Construction PMI moderates in August, but remains strong

10 Sep 2018

Construction PMI moderates in August, but remains strong

The latest Ulster Bank Construction PMI, released this morning, shows that growth in activity remained brisk in August, with the headline PMI coming in at 58.3 versus July's 60.7 reading.

latest above-50 reading means that the sector has enjoyed an unbroken sequence of growth that now extends to five years. All three segments - Housing (60.3), Commercial (57.7) and Civil Engineering (51.5) - enjoyed growth in August. Lead indicators such as planning permissions data, the Dublin Crane Count (which recently hit a new peak in the current development cycle) and the government's expansionary fiscal policies all point to continued growth in activity for the sector.
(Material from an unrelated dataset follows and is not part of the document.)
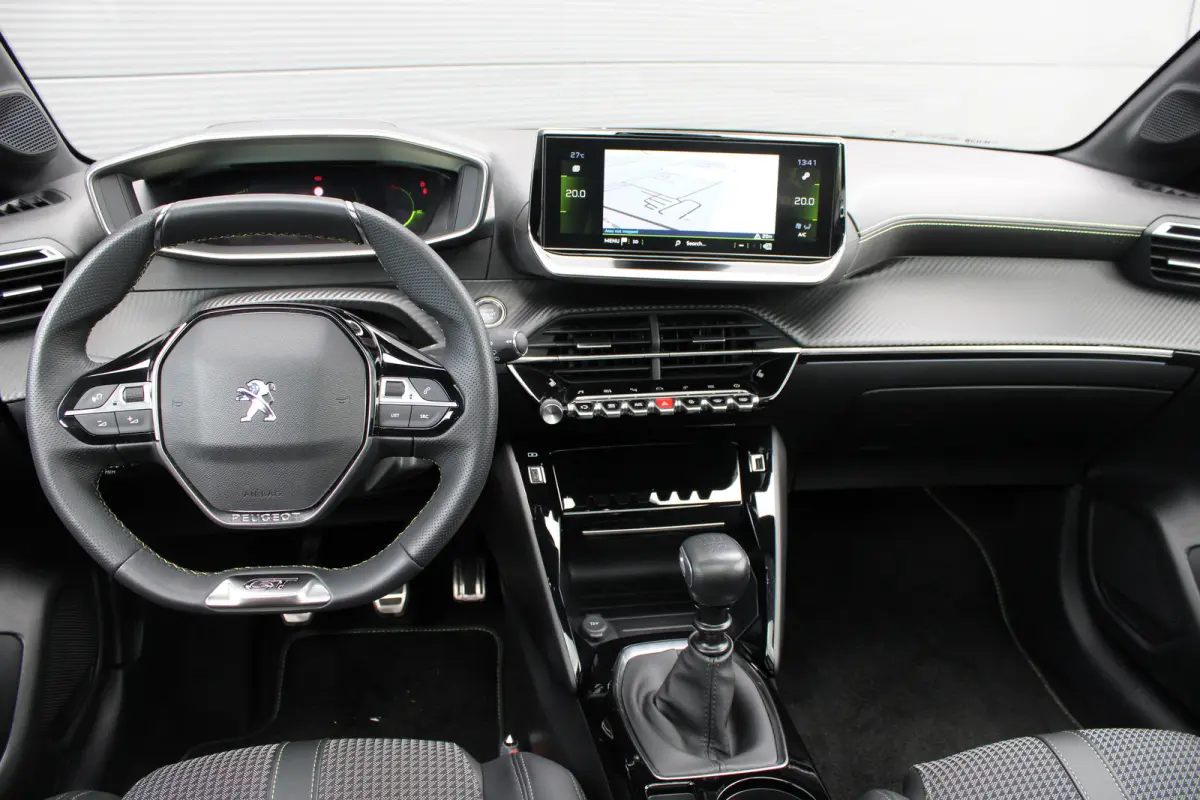 1.2 PureTech GT | Navigatie | Camera | Panoramadak | Stoelverwarming | Black Diamond | Full LED | 27.000km |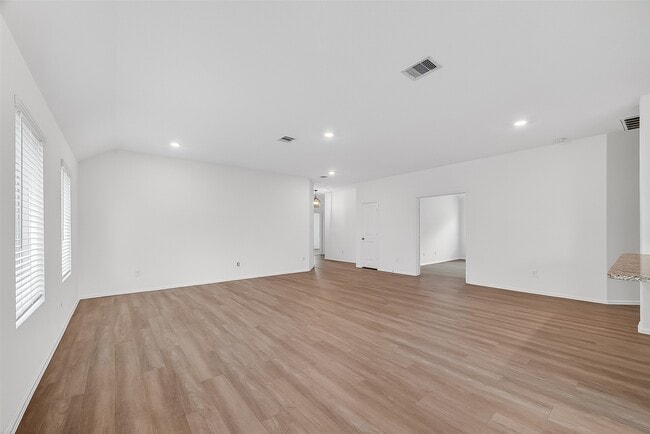 Building Photo - 19168 Pinewood Grove Trl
To this end, it is unsurprising to see that almost 60% of respondents to the PMI release predict increased output over the coming year.

Irish Banks: Mortgage arrears continue to reduce

The latest Mortgage Arrears & Repossessions Statistics, covering Q218, were released on Friday. These show continued reductions in arrears. To start with the PDH (owner-occupied) segment, at the end of Q2 there were 725,693 accounts outstanding with a total balance of €98.2bn. Of these, 46,008 (6.3%) were in arrears of more than 90 days past due (90dpd), with a combined balance of €9.5bn (9.7%) and total arrears of €2.7bn. This is the first time since Q211 that the aggregate balance of accounts more than 90dpd was sub-10% of the stock of PDH accounts outstanding, the peak being 17.3% in Q313. As before, the highest concentration of arrears was in the more than 720dpd category, where total arrears of €2.5bn (91% of all PDH arrears) equate to an average of €87,363 per account, compared to average arrears of €12,530 in the accounts that are between 90dpd and 720dpd. Turning to BTL accounts, at end-June there were 118,234 of these with an aggregate balance of €20.9bn. Of these, 17,394 (14.7%) of accounts were in arrears of more than 90dpd, with a combined balance of €4.7bn (22.5%) and total arrears of €2.1bn. Similar to the PDH segment, there has been a steady reduction in arrears here, with the 22.5% (of accounts by value) representing a fifth successive reduction and bringing cumulative reductions since the Q314 peak to 830bps. The release also provides an update on collateral enforcement measures. During Q2 the banks repossessed 343 properties (245 PDH and 98 BTL), with the majority of these being voluntarily surrendered or abandoned by borrowers. At the end of June the banks held 3,476 properties, which equates to c. 0.2% of the Irish housing stock (note that many of these are occupied), while 5,915 BTL properties had rent receivers in place at the end of Q2. Total industry-wide arrears (as measured by the aggregate balance of accounts in arrears) have now declined for 20 successive quarters. However, the concentration of arrears in the very long term (>720dpd) segment remains a particular challenge. 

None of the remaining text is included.